The following are available:
pop
: Population weights.
size
: Area weights.
emp
: Weights based on the number of employees (1998 onwards).
If FALSE
the crosswalk and the data
are matched exactly by ags
and time
. If TRUE
they are matched exactly by ags
and as best as possible on
time
. See details below.
If TRUE
the function outputs information on
the number of matched and unmatched rows.

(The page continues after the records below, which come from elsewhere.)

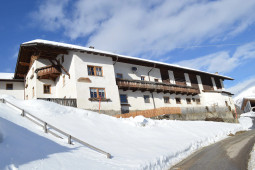 B&B + Appartamenti in agriturismo Jennerhof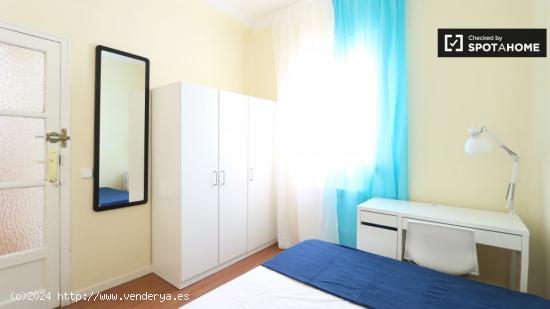 Habitación amueblada en apartamento de 6 dormitorios en Salamanca - MADRID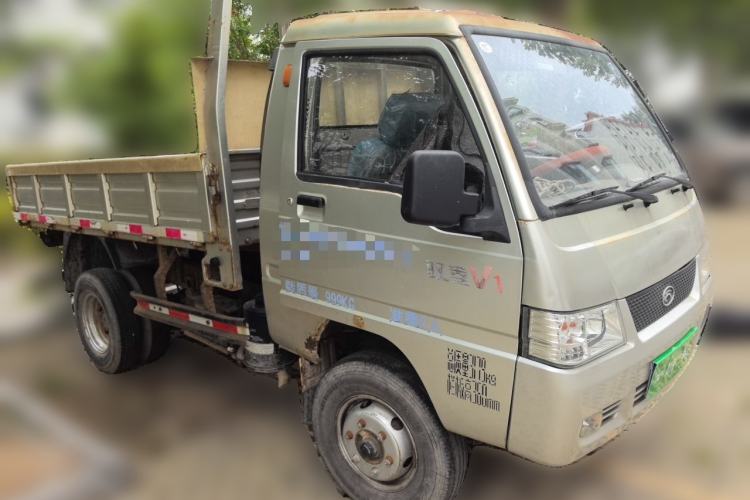 Used Foton Xiangling M  Front Right 45 Deg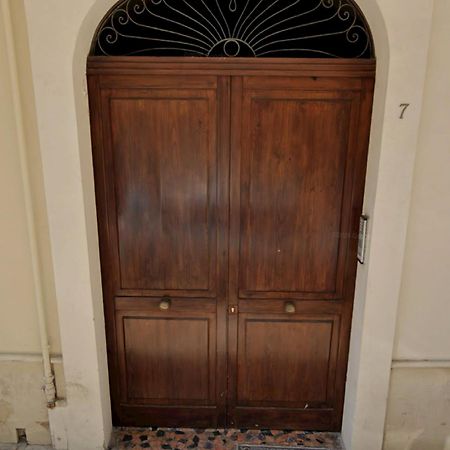 Charming Apt With Baroque View - 레체 외부 사진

If interpolation is requested, the crosswalked and interpolated
data are returned. If interpolation is not requested, the data
matched
with the crosswalk are returned. The following variables are added:
row_id
row number of data
before matching.
ags[*]
the crosswalked AGS.
year_xw
the matched year from the crosswalk.
[*]_conv
the interpolation weight.
diff
the absolute difference between year_xw
and time
.
This function facilitates the use of crosswalks constructed by the BBSR for municipalities and districts in Germany (Milbert 2010). The crosswalks map one year's set of district/municipality identifiers to later year's identifiers and provide weights to perform area or population weighted interpolation.
All data rows with NA
s in either the ags
or time
variable are excluded. The same applies to all rows with a value in
ags
or time
that never appears in the crosswalk.
Fuzzy matching uses the absolute difference between the year reported in the data and a crosswalk year. If there is a tie, crosswalk years from before the year reported in the data are preferred.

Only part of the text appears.